Beberapa perusahaan di AS yang mengimani ServL adalah seperti: TDIndustries (TD), Southwest Airlines, Synovus Financial Corporation, The Container Store, Nordstorm, Balfour Beaty, nama-nama yang mungkin kurang familiar buat kita di Indonesia . Yang mungkin kita kenal seperti WD-40, produknya dipakai sebagai pelumas untuk membuka baut atau kunci yang susah dibuka, atau jaringan hotel Merriot Internasional. Sepertinya dari list tersebut belum ada yang masuk Fortune 100. Sebagian sudah masuk Fortune 500, daftar perusahaan di AS yang memiliki penghasilan/aset terbesar.
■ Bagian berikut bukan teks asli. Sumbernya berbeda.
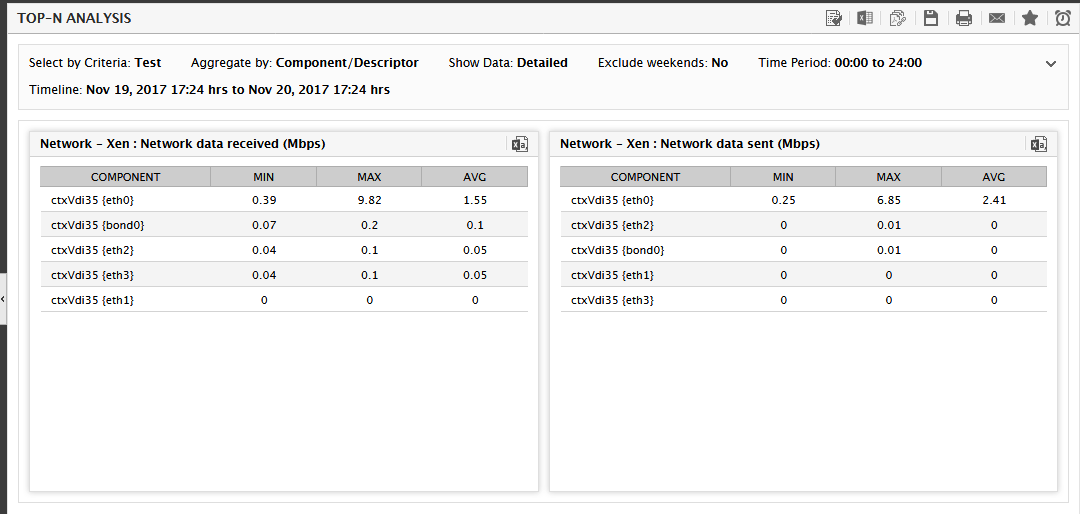 Top N Data Report where Weighted Average flag is set to 'No'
Saya membayangkan kalau masuk Fortune 100 biasanya di belakangnya adalah oligarki global, yang tak mungkin setuju dengan Servant Leadership.

Sebagai antitesa atas kepemimpinan gaya aristokrat dan birokratif, memang ServL berusaha mendobrak status quo yang akhirnya menurut saya cenderung terlalu lemah. Berbeda dengan Sigma Leadership ala Avalon yang menempatkan pemimpin bisa bersikap dengan tepat, kapan “yin”/lembut atau “yang”/tegas, karena keputusan selalu diambil mengikuti perintah Diri Sejati yang berada di relung hati.

Tapi bagi yang belum bisa mendengar Diri Sejati-nya, paling tidak, tulisan ini bisa membantu Anda menggunakan “common sense” atau akal sehat Anda dalam mengambil sikap dalam memimpin organisasi atau perusahaan.